Drop unnecessary columns(expanded urls, inreply to  status/userid, retweeted_status_user_id, retweeted_status_timestamp, source,text) from enhanced_clean and  unwanted information (retweeted non-null rows/entries)

###### CODE

In [None]:
enhanced_clean.drop(['expanded_urls', 'in_reply_to_status_id', 'in_reply_to_user_id', 'retweeted_status_user_id', 'retweeted_status_timestamp', 'source'], axis = 1, inplace = True)

In [None]:
enhanced_clean= enhanced_clean.query('retweeted_status_id== "nan"')

###### TEST

In [None]:
enhanced_clean.head(3)

In [None]:
enhanced_clean['retweeted_status_id'].value_counts()

###### CODE

In [None]:
enhanced_clean.drop('retweeted_status_id', axis=1, inplace=True)

###### TEST

In [None]:
enhanced_clean.head(3)

### Possible rating extraction error

###### DEFINE

extract rating num and denominator from text and drop text column

###### CODE

In [None]:
enhanced_clean['rating_numerator']=enhanced_clean.text.str.extract('(\d\d)', expand = True)
enhanced_clean['rating_denominator']=enhanced_clean.text.str.extract('((?<=/)\d\d)', expand = True)

In [None]:
enhanced_clean.drop('text', axis=1, inplace=True)

###### TEST

In [None]:
enhanced_archive.describe()

### Outliers 

###### DEFINE

Drop rating_numerator greater than 14 and ratung_denominator greater than 10

###### CODE

In [None]:
enhanced_archive=enhanced_archive.query('rating_numerator<=14')

In [None]:
enhanced_archive=enhanced_archive.query('rating_denominator==10')

###### TEST

In [None]:
enhanced_archive.describe()

### Unnecessary columns and null columns

###### DEFINE

Drop unnecessary columns(possibly_sensitive,possibly_sensitive_appealable,lang,in_reply_to_screen_name, quoted_status, created at, entities, extended_entities, truncated, display_text_range, source, favourited, retweeted, user)

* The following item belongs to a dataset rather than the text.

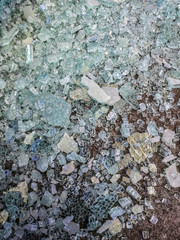 Broken glass pieces on an asphalt surface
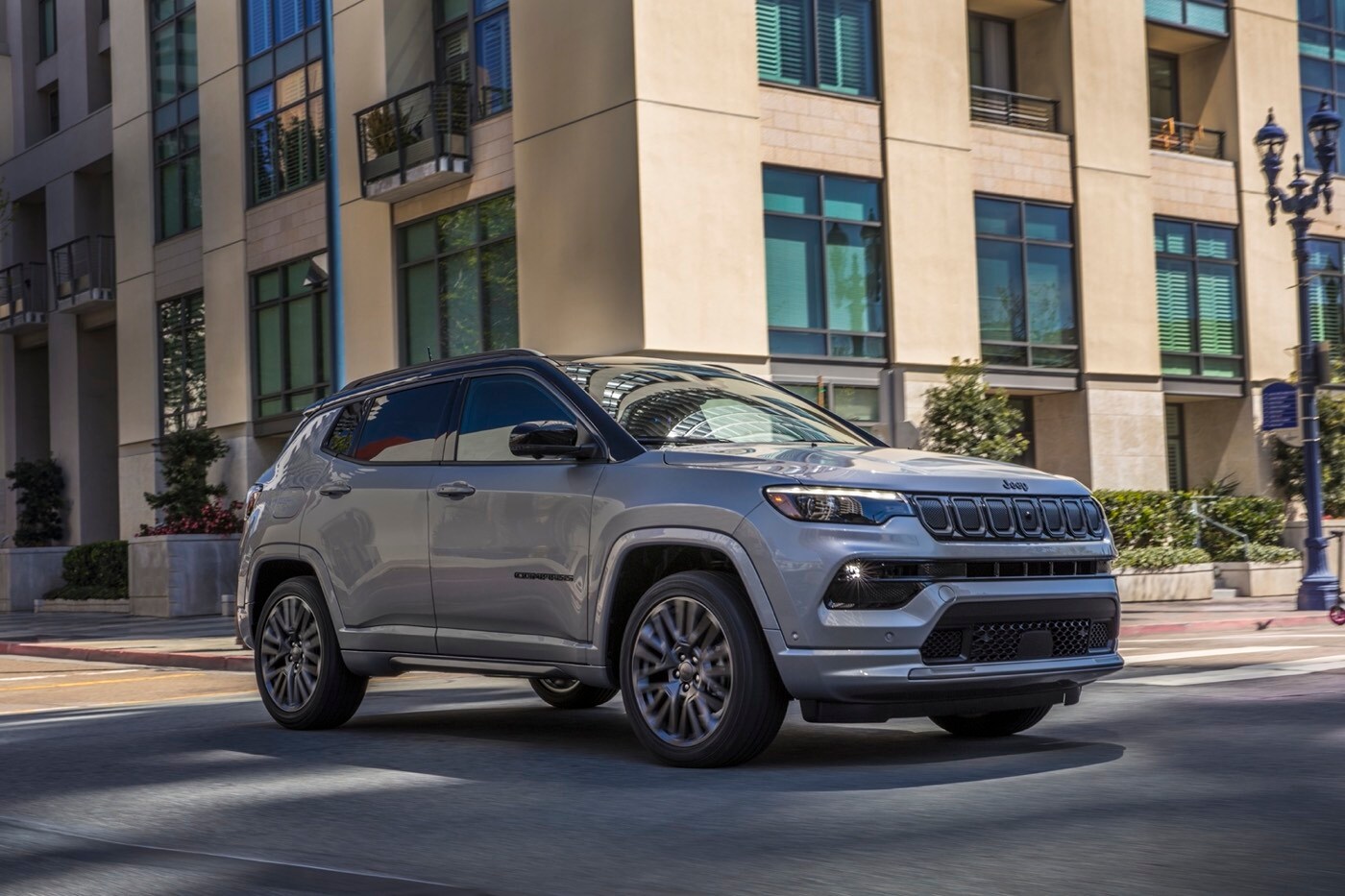 Vue 3/4 avant d'un Jeep Compass High Altitude 2022 gris acier argenté roulant sur boulevard en ville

duplicated columns ('in_reply_to_status_id_str', 'in_reply_to_user_id', 'in_reply_to_user_id_str', in_reply_to_status_id, id_str, quoted_status_id,quoted_status_id_str,) 

and null columns: geo, coordinates, place , contributors on json_clean dataframe

###### CODE

In [None]:
json_clean.drop(['possibly_sensitive', 'possibly_sensitive_appealable', 'lang', 'quoted_status_id', 'quoted_status_id_str', 'quoted_status', 'created_at', 'entities', 'extended_entities', 'truncated', 'display_text_range', 'source', 'favorited', 'retweeted', 'geo', 'coordinates', 'place', 'contributors', 'in_reply_to_status_id_str', 'in_reply_to_user_id', 'in_reply_to_user_id_str', 'in_reply_to_screen_name', 'in_reply_to_status_id', 'user', 'id_str'], axis = 1, inplace = True)

###### TEST

In [None]:
json_clean.head(3)

### unneeded rows

###### DEFINE

Query is_quote_status not equal to NAN and drop the column

###### CODE


In [None]:
json_clean=json_clean.query('is_quote_status== False')

###### TEST

In [None]:
json_clean.is_quote_status.value_counts()

###### CODE

In [None]:
json_clean.drop('is_quote_status', axis=1, inplace=True)

###### TEST

In [None]:
json_clean.head(3)

### Column name inconsistency

###### DEFINE

Change id name to match other tables and change its datatype

###### CODE

In [None]:
json_clean.rename(columns = {'id':'tweet_id'}, inplace = True)
json_clean['tweet_id'] = json_clean['tweet_id'].astype(str)

###### TEST

In [None]:
json_clean.info()

### Retweets not needed

###### DEFINE

drop retweeted_status not NaN and drop the column

###### CODE

In [None]:
json_clean = json_clean[json_clean.retweeted_status.isnull()]

###### TEST

In [None]:
json_clean.sample(50)

###### CODE

In [None]:
json_clean.drop('retweeted_status', axis=1, inplace=True)

###### TEST

In [None]:
json_clean.head()

### Data in different table

###### DEFINE

merge tataframes and join based on common tweet_id

###### CODE

In [None]:
twitter_archive_master=pd.merge(pd.merge(json_clean, image_clean, on=['tweet_id'], how='inner'),enhanced_clean, on=['tweet_id'], how='inner')

###### TEST

In [None]:
twitter_archive_master.head(3)

## Storing Data
The gathered, assessed, and cleaned master dataset will be saved to a CSV file named "twitter_archive_master.csv".

In [None]:
twitter_archive_master.to_csv('twitter_archive_master.csv', index=False)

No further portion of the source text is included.